Skip to content

Multilevel Checkpointing

kellekai edited this page Sep 28, 2017 · 2 revisions

L1

L1 denotes the first safety level in the multilevel checkpointing strategy of FTI. The checkpoint of each process is written on the local SSD of the respective node. This is fast but possesses the drawback, that in case of a data loss and corrupted checkpoint data even in only one node, the execution cannot successfully restarted.

L2

L2 denotes the second safety level of checkpointing. On initialisation, FTI creates a virtual ring for each group of nodes with user defined size (see group_size). The first step of L2 is just a L1 checkpoint. In the second step, the checkpoints are duplicated and the copies stored on the neighbouring node in the group.

That means, in case of a failure and data loss in the nodes, the execution still can be successfully restarted, as long as the data loss does not happen on two neighbouring nodes at the same time.

L3

L3 denotes the third safety level of checkpointing.

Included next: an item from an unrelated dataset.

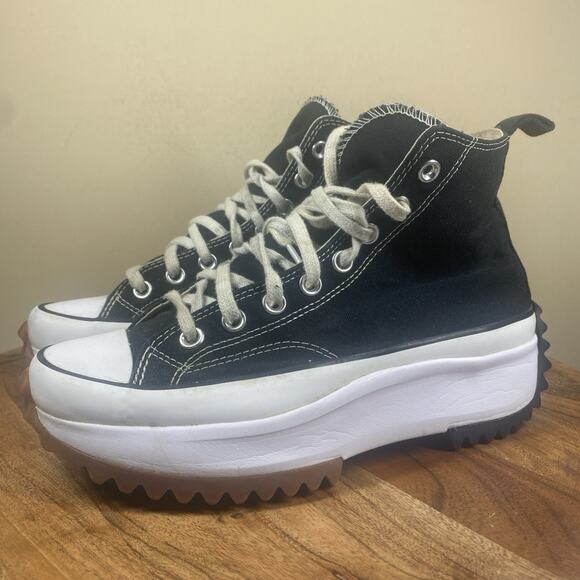 Converse Run Star Hike Womens Black And White Size 8.5 High Top Shoes Sneakers - Picture 2 of 8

In this level, the check- point data trunks from each node getting encoded via the Reed-Solomon (RS) erasure code. The implementation in FTI can tolerate the breakdown and data loss in half of the nodes.

In contrast to the safety level L2, in level L3 it is irrelevant which of nodes encounters the failure. The missing data can get reconstructed from the remaining RS-encoded data files.

L4

L4 denotes the fourth safety level of checkpointing. All the checkpoint files are flushed to the parallel file system (PFS).